Image-text web data:
● ● ● ●

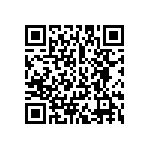 IS42S32200E-6BI-TR QRCode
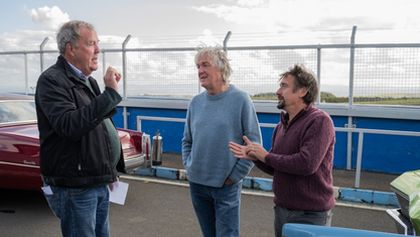 Grand Tour II (2)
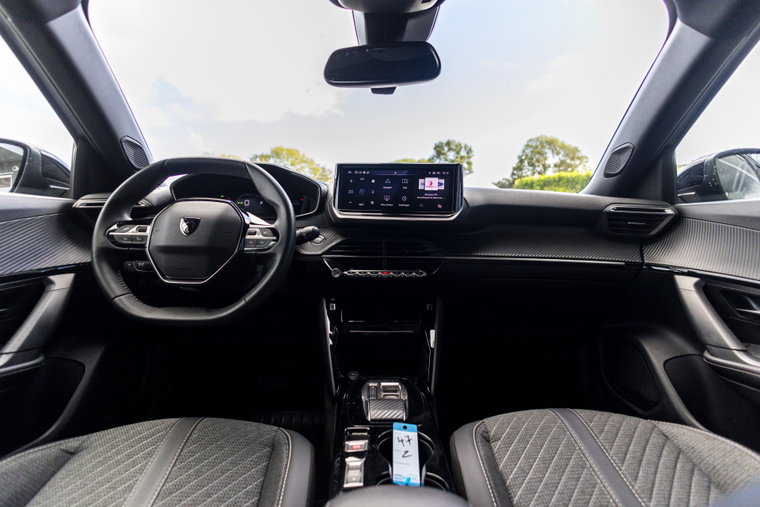 Vehicle Image 20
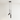 Luminária Pendente Moderno Minimalista Articulado Metal LED Focus - Preto / 2 lâmpadas / Branco Quente (3000K) - ORNE™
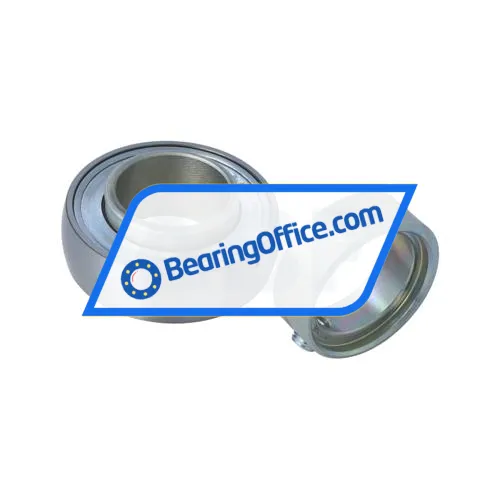 INA GRA104-206-XL-NPP-B-AS2/V bearing image 2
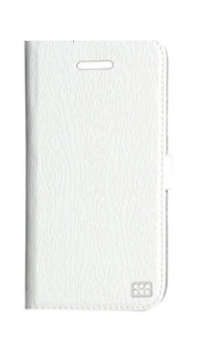 Promate Tava 5C Book-Style Flip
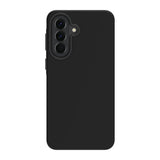 dbramante1928 Samsung Galaxy A57 Roskilde ICON Bagside Cover - MagSafe Kompatibel - Midnight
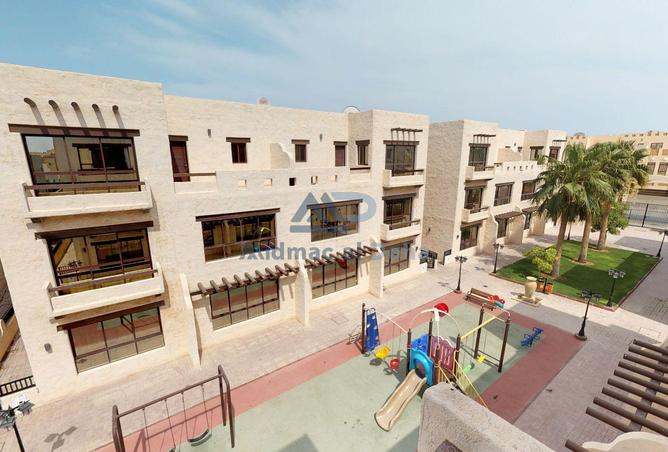 941593 - Property Main Image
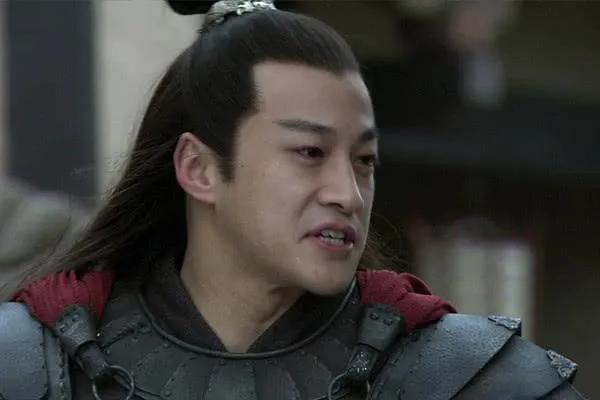 吕布到底在三国演义中有多厉害,三国时吕布是个什么样的人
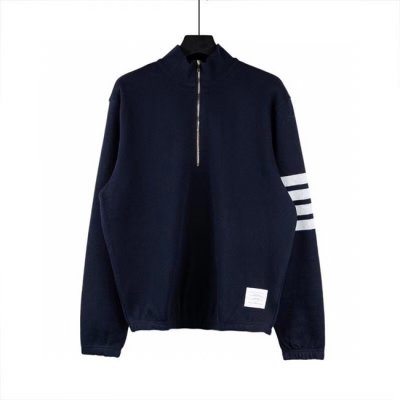 [Thom Browne] ����� ��/�� �������� Ƽ���� 21120938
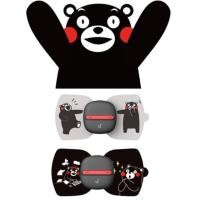 ราคา (พร้อมส่ง) Xiaomi LF Magic Massage Sticker เครื่องนวด (7317395719)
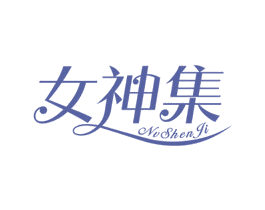 商标效果图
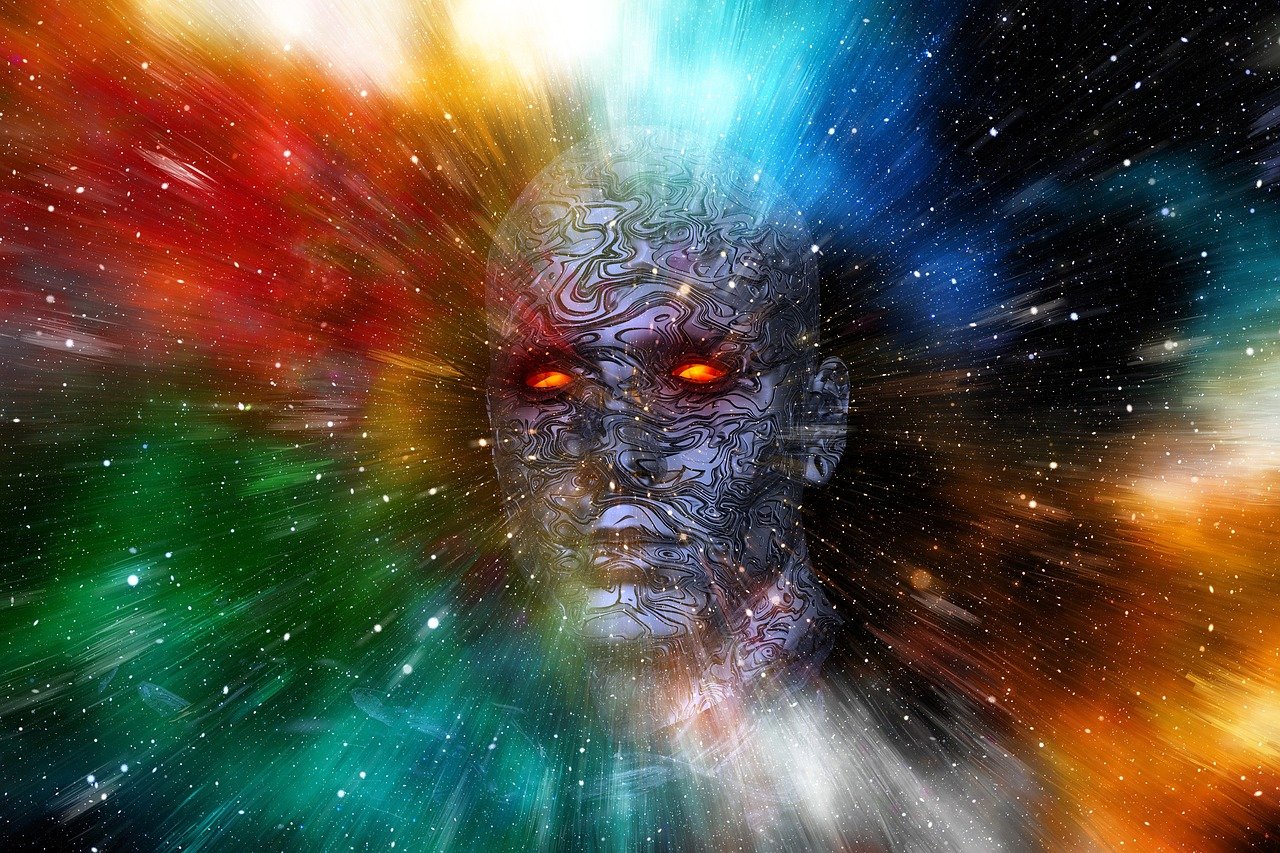 揭开光环下的神秘面纱，明星背后的隐藏世界探索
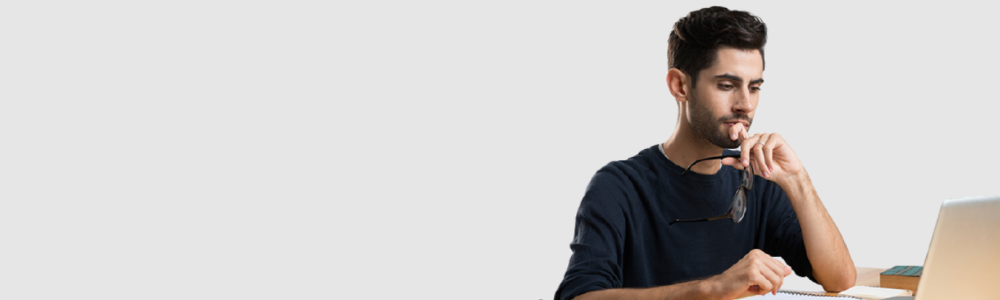 User banner image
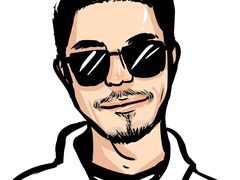 -菠萝格斗巴西柔术训练馆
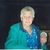 Blanche Malbeuf 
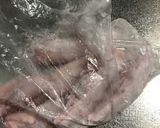 味付け簡単*無限手羽中作り方2写真
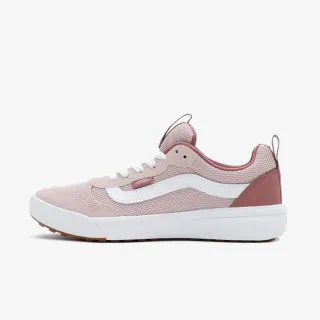 Vans WM Range EXP MESH LPKRS, 7, Medium 
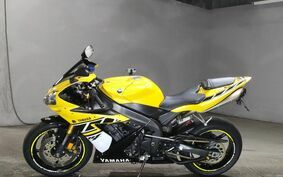 YAMAHA YZF-R1 2006 RN15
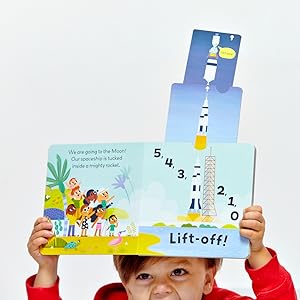 Small manufacture image 5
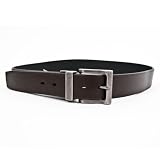 Timberland 40mm Reversible Belt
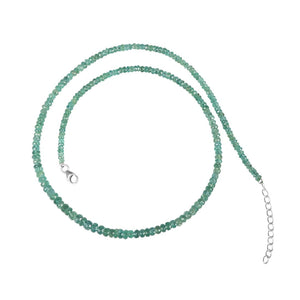 emerald-beaded-necklaces-bdd-12-145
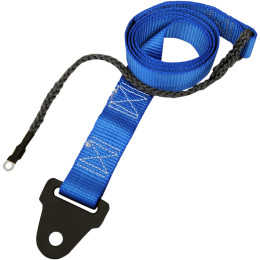 SNOW PLOW STRAP SNOW PLOW STRAP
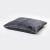 Sofa Dress Kft. NRDOGS Basic Kutyafekhely Zuma Grey Huzat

● ● ● ●

**Work task**
Repeat exactly, and only, the entries from the line with "吕布到底在三国演义中有多厉害,三国时吕布是个什么样的人" through the line with "味付け簡単*無限手羽中作り方2写真". Pictures are skipped.

**Your solution**
 吕布到底在三国演义中有多厉害,三国时吕布是个什么样的人
 [Thom Browne] ����� ��/�� �������� Ƽ���� 21120938
 ราคา (พร้อมส่ง) Xiaomi LF Magic Massage Sticker เครื่องนวด (7317395719)
 商标效果图
 揭开光环下的神秘面纱，明星背后的隐藏世界探索
 User banner image
 -菠萝格斗巴西柔术训练馆
 Blanche Malbeuf 
 味付け簡単*無限手羽中作り方2写真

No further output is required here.